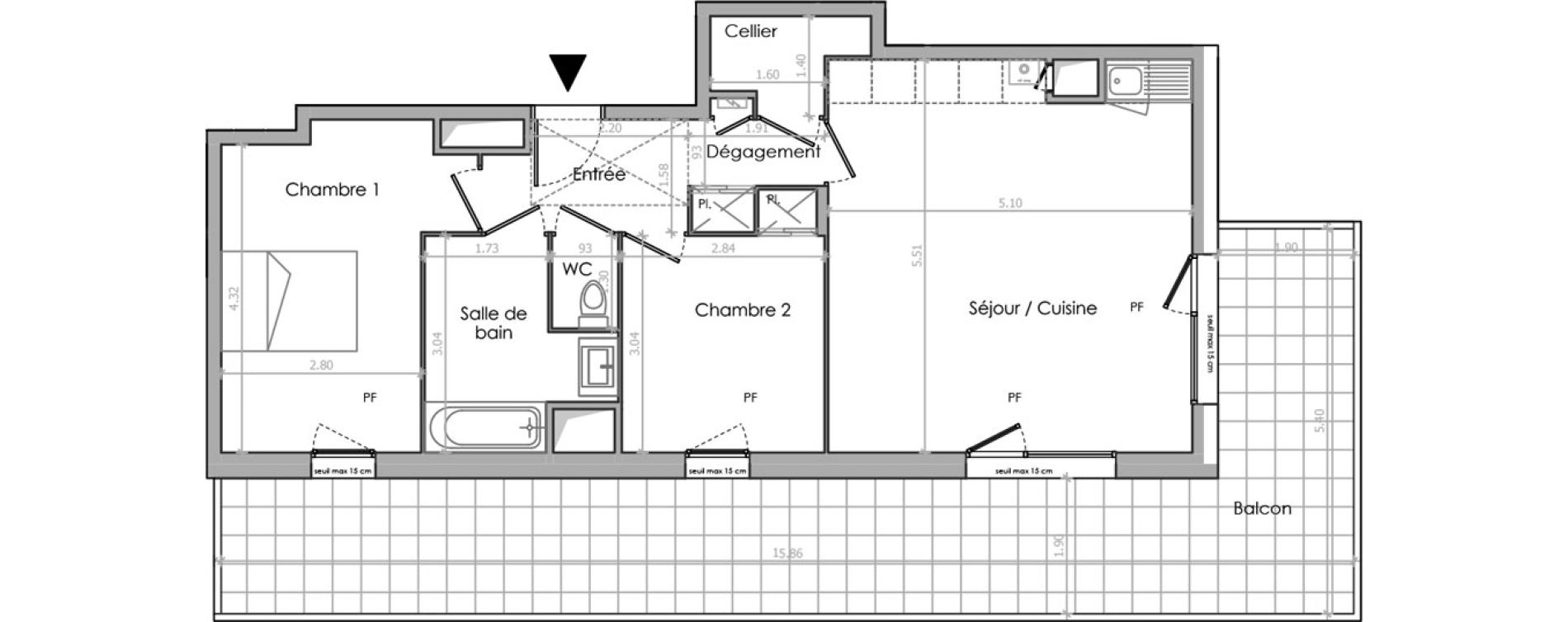 Appartement T3 de 66,70 m2 &agrave; &Eacute;trembi&egrave;res Centre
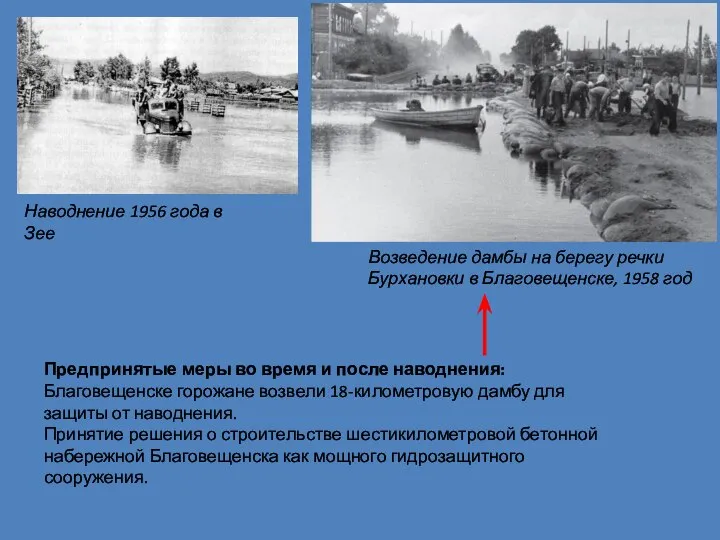 Возведение дамбы на берегу речки Бурхановки в Благовещенске, 1958 год Наводнение 1956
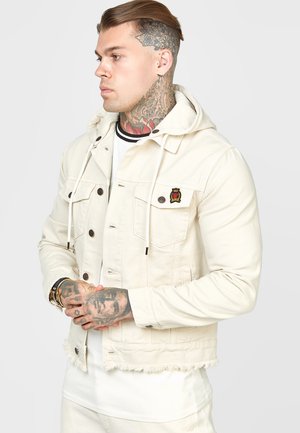 HOODED DISTRESSED JACKET - Džínová bunda - ecru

**TASK REQUIREMENTS**
The listing is to be repeated word for word, with all pictures omitted.

**OUTPUT BELOW**
 Appartement T3 de 66,70 m2 &agrave; &Eacute;trembi&egrave;res Centre
 Возведение дамбы на берегу речки Бурхановки в Благовещенске, 1958 год Наводнение 1956
 HOODED DISTRESSED JACKET - Džínová bunda - ecru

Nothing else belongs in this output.